- **What you need to do**
Repeat exactly the lines that begin at the one containing "Whizzo Ceramic Shell" and end at the final line of the records; include no pictures and nothing else.

*** Opening Extracted data ***

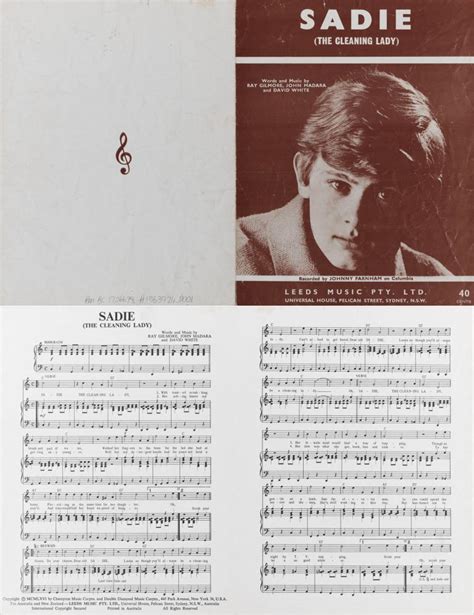 Sadie The Cleaning Lady Sheet Music National Film And Sound Archive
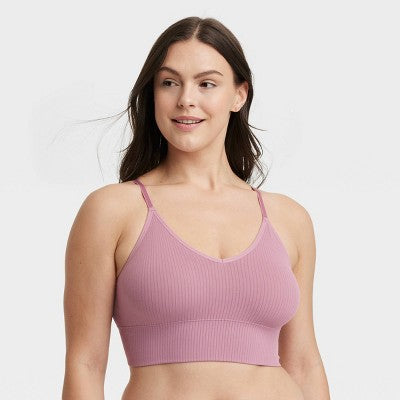 Women's Ribbed Seamless Bralette XL: V Back, Removable Cup, Knit
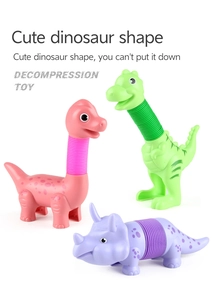 Dettaglio di giocattoli dinosauro a tubi estensibili in rosa verde e viola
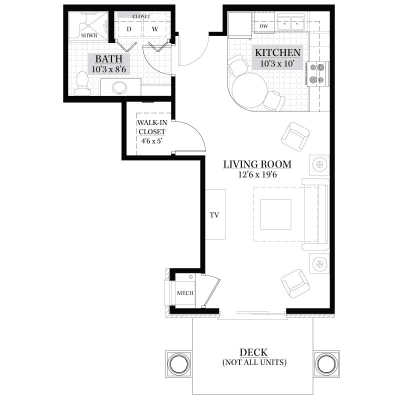 Floor plan of a studio apartment with kitchen, bathroom, and living area.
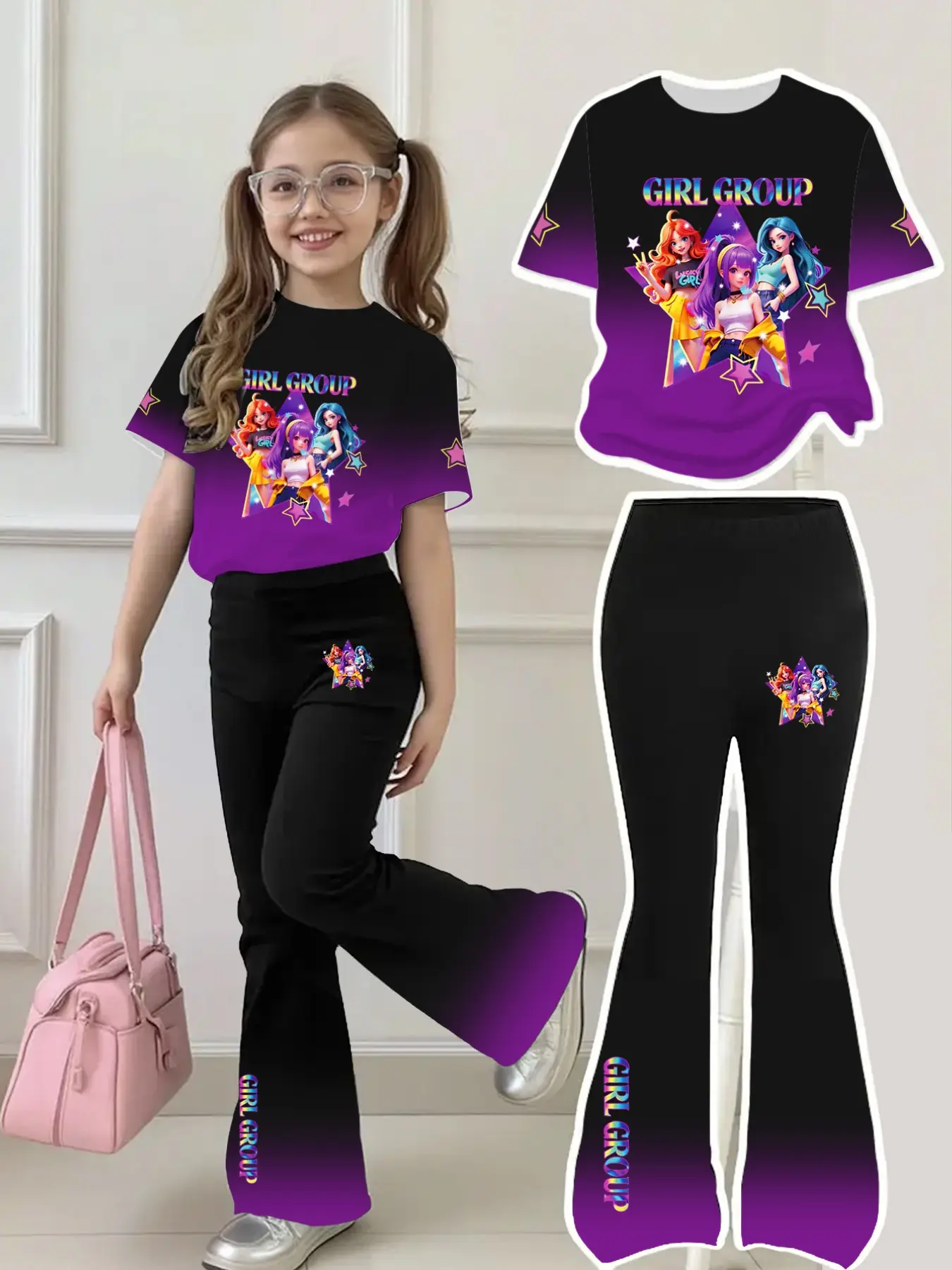 Girls' Cartoon Girl Group Set, Gradient Short Sleeve & Bell Pants, Comfortable Slim Fit, Breathable Fabric, Trendy Kids, Matching Outfits Set, Fashion Clothes Sets, Fashion Style Sets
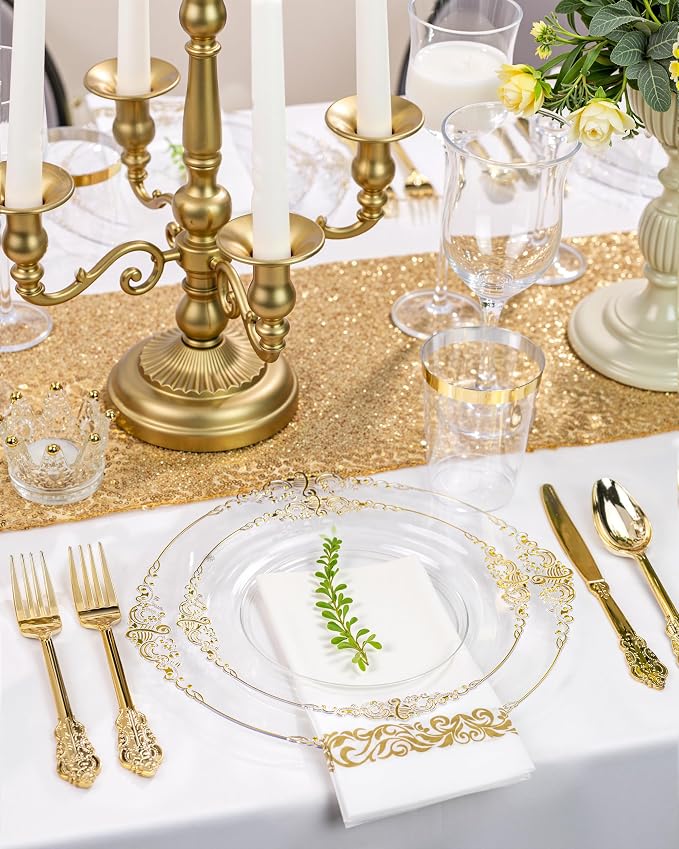 Nervure 100Pcs 10.25'' Clear Plastic Plates, Party Plates - Image 8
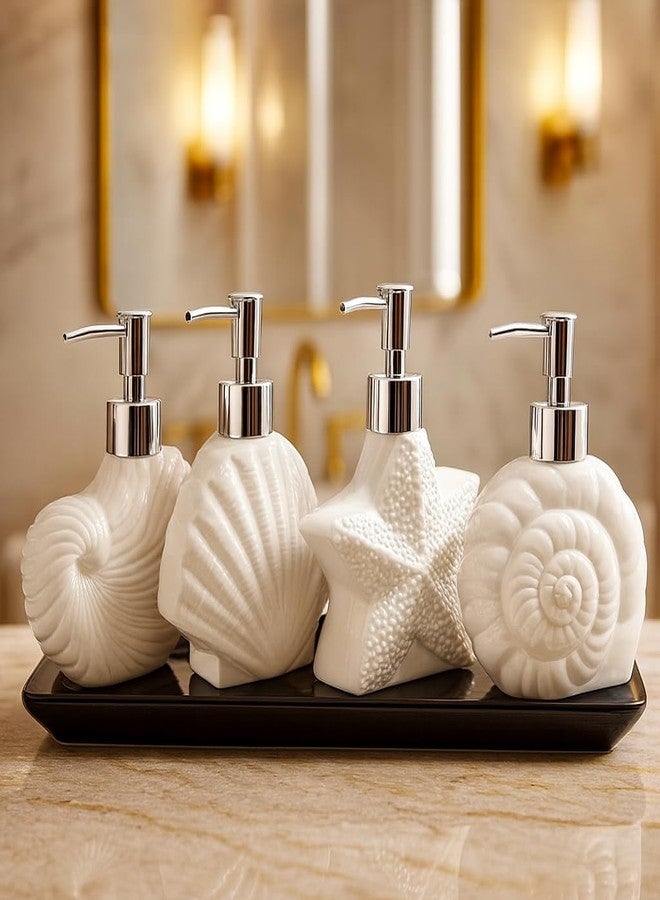 Whizzo Ceramic Shell Shaped Liquid Soap Dispenser with Chrome Pump | Elegant Bathroom & Kitchen Accessory | White Glossy Finish | Refillable Handwash Lotion Bottle (420ML, LD-212, Design4) - Image 3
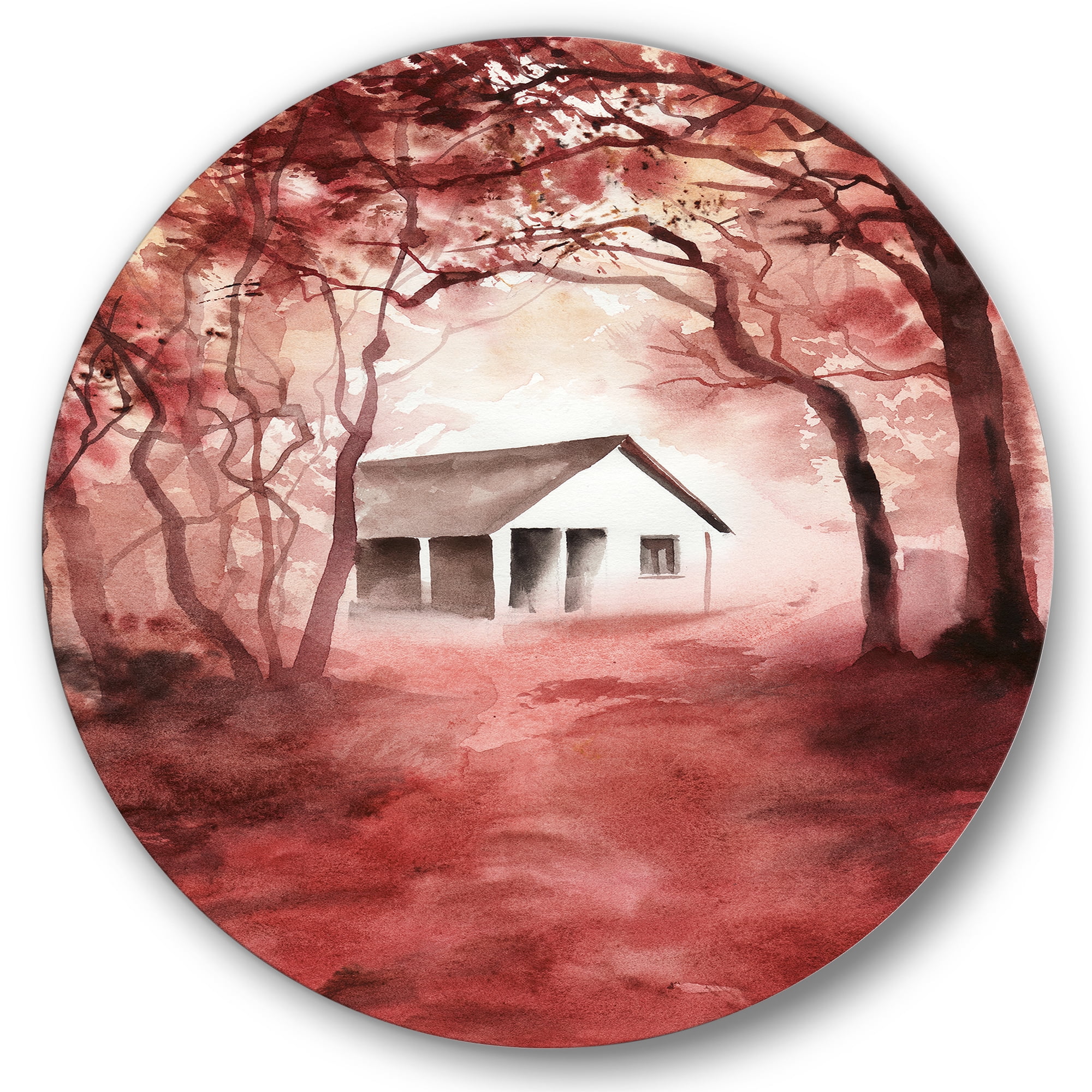 Designart 'Red Autumn Woods and A House in Wild' Cabin & Lodge Circle Metal Wall Art 23x23 - Disc of 23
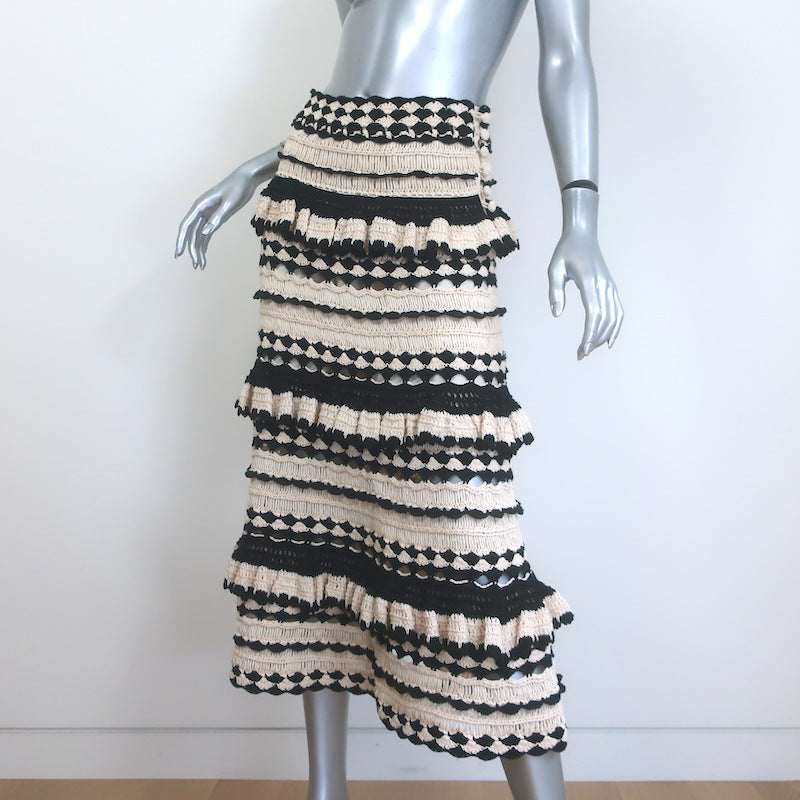 Zimmermann Anneke Ruffled Crochet Midi Skirt Black &amp; Cream Cotton Size 1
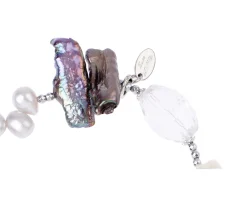 Bracciale argento rosè con perle grigie e cristallo di rocca Luisa della salda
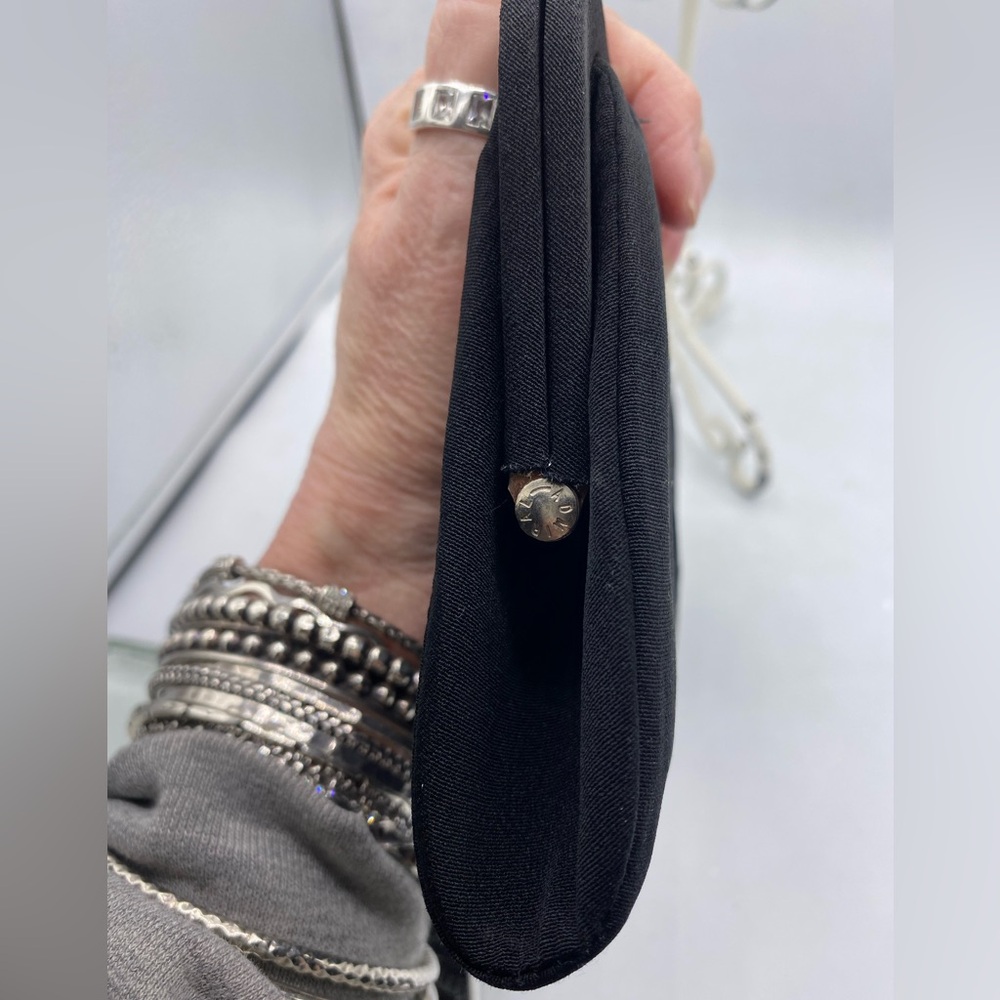 Vintage Elegant Black Fabric Clutch With Silver Tone Chain With Jeweled Clasp - Picture 9 of 12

*** Closing Extracted data ***

- **Your solution**
 Whizzo Ceramic Shell Shaped Liquid Soap Dispenser with Chrome Pump | Elegant Bathroom & Kitchen Accessory | White Glossy Finish | Refillable Handwash Lotion Bottle (420ML, LD-212, Design4) - Image 3
 Designart 'Red Autumn Woods and A House in Wild' Cabin & Lodge Circle Metal Wall Art 23x23 - Disc of 23
 Zimmermann Anneke Ruffled Crochet Midi Skirt Black &amp; Cream Cotton Size 1
 Bracciale argento rosè con perle grigie e cristallo di rocca Luisa della salda
 Vintage Elegant Black Fabric Clutch With Silver Tone Chain With Jeweled Clasp - Picture 9 of 12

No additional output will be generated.